On Thursday, Britain announced a deal with Rwanda to send asylum-seekers to the East African country, claiming the measure would stop people-smugglers sending desperate migrants on treacherous journeys across the English Channel.
"From today... anyone entering the UK illegally as well as those who have arrived illegally since January 1 may now be relocated to Rwanda," Prime Minister Boris Johnson said in a speech near Dover in southeastern England.
"Rwanda will have the capacity to resettle tens of thousands of people in the years ahead," Johnson said.
He called the East African nation with a sketchy human rights record "one of the safest countries in the world, globally recognized for its record of welcoming and integrating migrants."
Rights groups and refugee organisations swiftly blasted what they called a “cruel”, “inhumane” and “neo-colonial” plan, and questioned both its cost to the British taxpayers and effect on migration.
“It’s truly shocking and inhumane,” said Steve Valdez-Symonds, the refugee and migrant rights programme director at Amnesty International UK.
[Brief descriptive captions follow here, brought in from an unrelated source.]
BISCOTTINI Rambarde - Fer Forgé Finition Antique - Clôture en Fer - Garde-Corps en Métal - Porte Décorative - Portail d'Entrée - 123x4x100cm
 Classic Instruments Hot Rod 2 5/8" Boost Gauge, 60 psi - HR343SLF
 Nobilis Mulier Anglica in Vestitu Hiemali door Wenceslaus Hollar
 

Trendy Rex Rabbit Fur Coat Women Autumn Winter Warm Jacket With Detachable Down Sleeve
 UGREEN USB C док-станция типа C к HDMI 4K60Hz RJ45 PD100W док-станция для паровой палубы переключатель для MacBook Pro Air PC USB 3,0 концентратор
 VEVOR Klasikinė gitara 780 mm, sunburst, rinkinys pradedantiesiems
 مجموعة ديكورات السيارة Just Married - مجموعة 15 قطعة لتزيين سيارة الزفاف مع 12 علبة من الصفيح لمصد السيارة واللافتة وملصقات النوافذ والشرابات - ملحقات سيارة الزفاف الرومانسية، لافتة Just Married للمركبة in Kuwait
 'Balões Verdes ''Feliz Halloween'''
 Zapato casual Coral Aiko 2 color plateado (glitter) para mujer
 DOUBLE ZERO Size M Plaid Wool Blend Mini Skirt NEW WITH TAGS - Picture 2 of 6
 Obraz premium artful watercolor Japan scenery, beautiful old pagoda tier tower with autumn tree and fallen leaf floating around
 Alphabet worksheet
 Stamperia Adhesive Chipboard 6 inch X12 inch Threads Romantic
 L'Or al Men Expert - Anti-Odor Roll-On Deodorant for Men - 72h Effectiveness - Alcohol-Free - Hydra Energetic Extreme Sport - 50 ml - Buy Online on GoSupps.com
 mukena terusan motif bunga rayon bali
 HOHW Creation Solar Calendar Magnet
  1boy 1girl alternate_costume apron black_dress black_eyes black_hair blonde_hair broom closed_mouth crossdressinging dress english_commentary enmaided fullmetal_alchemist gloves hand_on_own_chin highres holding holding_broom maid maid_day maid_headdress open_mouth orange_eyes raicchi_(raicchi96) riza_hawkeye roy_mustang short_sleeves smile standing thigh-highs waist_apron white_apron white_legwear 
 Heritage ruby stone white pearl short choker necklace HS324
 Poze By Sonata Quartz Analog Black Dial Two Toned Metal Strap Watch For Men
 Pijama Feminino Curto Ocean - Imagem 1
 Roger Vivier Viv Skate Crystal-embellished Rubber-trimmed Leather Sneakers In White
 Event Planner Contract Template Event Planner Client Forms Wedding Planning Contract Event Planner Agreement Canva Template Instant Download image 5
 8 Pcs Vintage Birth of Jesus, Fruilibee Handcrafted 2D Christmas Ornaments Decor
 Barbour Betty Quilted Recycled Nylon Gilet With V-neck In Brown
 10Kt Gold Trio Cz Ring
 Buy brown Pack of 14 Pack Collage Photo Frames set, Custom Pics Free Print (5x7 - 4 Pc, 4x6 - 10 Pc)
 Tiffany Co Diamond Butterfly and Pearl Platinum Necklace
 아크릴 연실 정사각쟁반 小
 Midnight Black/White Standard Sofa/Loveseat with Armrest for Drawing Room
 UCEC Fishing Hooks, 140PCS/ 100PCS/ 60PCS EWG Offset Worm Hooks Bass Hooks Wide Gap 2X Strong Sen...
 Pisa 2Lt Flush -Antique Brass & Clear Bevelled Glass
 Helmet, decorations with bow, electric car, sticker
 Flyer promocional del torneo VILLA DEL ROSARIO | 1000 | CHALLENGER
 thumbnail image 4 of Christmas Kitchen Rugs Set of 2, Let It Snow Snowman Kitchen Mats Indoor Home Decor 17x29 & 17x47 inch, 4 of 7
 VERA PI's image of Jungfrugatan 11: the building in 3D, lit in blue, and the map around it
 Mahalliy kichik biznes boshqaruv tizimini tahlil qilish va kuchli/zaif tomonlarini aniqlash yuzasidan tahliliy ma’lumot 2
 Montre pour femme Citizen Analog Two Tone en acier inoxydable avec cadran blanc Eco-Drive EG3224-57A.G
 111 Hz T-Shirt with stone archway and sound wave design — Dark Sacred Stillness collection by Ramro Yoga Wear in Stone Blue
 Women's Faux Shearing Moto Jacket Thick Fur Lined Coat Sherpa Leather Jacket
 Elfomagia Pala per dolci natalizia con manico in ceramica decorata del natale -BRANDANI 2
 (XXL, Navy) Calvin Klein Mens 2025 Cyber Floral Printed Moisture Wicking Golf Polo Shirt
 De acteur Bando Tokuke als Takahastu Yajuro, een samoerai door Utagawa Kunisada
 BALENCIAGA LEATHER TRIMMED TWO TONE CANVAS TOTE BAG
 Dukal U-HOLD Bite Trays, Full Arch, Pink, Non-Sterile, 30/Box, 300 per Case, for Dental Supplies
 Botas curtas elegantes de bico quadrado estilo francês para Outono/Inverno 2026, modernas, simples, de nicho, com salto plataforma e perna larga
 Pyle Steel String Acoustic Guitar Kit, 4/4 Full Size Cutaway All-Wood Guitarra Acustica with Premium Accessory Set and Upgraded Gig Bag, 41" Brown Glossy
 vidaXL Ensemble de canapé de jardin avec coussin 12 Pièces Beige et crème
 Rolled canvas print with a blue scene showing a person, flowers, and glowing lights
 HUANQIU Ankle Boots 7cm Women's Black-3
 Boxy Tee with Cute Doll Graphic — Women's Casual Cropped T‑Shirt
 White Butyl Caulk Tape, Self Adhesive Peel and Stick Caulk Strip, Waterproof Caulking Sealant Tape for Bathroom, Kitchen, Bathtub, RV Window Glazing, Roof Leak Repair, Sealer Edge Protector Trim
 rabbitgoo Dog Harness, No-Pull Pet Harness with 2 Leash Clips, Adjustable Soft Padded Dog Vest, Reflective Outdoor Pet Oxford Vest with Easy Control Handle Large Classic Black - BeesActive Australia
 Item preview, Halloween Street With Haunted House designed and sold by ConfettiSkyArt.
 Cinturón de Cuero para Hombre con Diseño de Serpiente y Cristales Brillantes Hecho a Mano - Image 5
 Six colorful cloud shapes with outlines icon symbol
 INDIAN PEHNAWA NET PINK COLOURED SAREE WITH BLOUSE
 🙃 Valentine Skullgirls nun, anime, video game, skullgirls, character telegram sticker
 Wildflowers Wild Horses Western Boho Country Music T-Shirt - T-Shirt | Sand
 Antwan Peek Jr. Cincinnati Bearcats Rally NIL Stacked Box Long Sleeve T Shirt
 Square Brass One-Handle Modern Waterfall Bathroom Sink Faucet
Refugee Action's Tim Naor Hilton said the government was "offshoring its responsibilities onto Europe's former colonies instead of doing our fair share to help some of the most vulnerable people on the planet".
Nadia Hardman, Refugee and Migrant Rights Researcher at Human Rights Watch, said the plan would "complicate" the process for Syrians seeking refuge in the UK.
"Syrian refugees are desperate to reach a place of safety," Hardman told AFP.
In 2011, over 28,000 people arrived in the UK having crossed the Channel from France in small boats.